In other words, the Marketplace Fairness Act wants to authorize states to charge you a “convenience tax” for ordering your new iPhone 5 online rather than camping out in front of the Apple store.
The federal government has no business trying to engineer the purchasing behaviors of individual consumers in a free society. It’s simply unfair.
To add injury to insult, the Marketplace Fairness Act undermines state sovereignty and allows for taxation without representation in five major ways:
• Under the Marketplace Fairness Act, a state would be allowed to reach beyond its borders to collect taxes from unrepresented businesses in other states. Further, the legislation would favor some states over others, since not all states collect sales taxes.
• The Act would create an unfair burden on online sellers, which would be forced to wade through tax legislation for all states, cities and towns where they do business. This burden would prove virtually impossible for most small businesses. In fact, in an open letter against the bill, signed by multiple grassroots organizations, the R Street Institute pointed out that there are 9,600 separate taxing jurisdictions in the United States. Forcing businesses to comply with taxes on that scale goes directly against the Commerce Clause of the U.S. Constitution, which protects against an unreasonable burden on interstate commerce.

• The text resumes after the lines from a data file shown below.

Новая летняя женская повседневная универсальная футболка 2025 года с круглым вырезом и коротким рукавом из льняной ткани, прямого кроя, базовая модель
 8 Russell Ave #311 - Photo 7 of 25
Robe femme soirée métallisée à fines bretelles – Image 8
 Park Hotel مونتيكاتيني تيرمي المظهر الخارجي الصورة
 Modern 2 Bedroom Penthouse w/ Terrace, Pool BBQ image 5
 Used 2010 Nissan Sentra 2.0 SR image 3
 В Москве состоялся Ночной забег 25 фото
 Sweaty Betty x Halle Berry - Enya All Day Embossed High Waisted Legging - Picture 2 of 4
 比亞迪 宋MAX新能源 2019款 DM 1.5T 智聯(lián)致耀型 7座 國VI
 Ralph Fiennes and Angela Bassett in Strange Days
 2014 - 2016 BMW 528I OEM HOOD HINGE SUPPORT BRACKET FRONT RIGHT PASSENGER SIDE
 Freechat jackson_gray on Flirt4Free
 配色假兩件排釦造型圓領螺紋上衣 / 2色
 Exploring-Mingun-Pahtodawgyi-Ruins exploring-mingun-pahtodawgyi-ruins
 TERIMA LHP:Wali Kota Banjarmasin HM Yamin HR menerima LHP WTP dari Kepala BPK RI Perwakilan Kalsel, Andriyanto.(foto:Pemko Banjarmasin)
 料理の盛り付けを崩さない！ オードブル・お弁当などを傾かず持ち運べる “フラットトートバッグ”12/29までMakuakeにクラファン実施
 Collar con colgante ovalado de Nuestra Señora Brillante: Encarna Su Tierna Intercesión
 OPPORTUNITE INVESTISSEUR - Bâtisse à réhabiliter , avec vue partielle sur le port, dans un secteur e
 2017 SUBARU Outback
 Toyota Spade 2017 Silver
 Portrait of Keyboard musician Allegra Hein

• Far from being “fair,” the Act would give big businesses an unfair advantage over small online businesses, which will have a much harder time paying the required taxes in each state where their customers reside. Recognizing its competitive advantage over smaller businesses, online giant retailer Amazon has come out in favor of the bill, though it traditionally opposed Internet sales taxes.
· While the bill does exempt small businesses earning less than $1 million per year from tax collection, “small business” as defined by the provision is a far cry from the Small Business Association’s standard, which can reach $30 million. Supporters argue the bill will save mom-and-pop businesses, but in reality it kills healthy competition.
• The Marketplace Fairness Act will undermine consumer privacy. Currently, states cannot ask out-of-state retailers for information on their customers, but under the Act, this would no longer be the case. Given that businesses and state revenue boards already have a dismal history of losing people’s private information, consumers should be concerned.
• In his effort to leap-frog the Act onto the Senate floor, Harry Reid has bypassed the usual voting process of the Senate Finance Committee, which is largely opposed to the bill. This closed-door power play is wrong. At the very least, the bill should go through the full decision process, especially since it will have such wide impact on U.S. citizens and businesses.
Using a closed legislative process to expand taxing authority and sacrifice free competition in the name of “fairness and equal opportunity for all” is a lesson in poetic irony. The Marketplace Fairness Act is anything but fair for small businesses, and it will stand in the way of the growth and recovery that the U.S. economy desperately needs.
Grassroots organizations are united in their opposition to this unfair legislation, and our elected representatives would do well to pay attention and press “cancel” on this legislative order.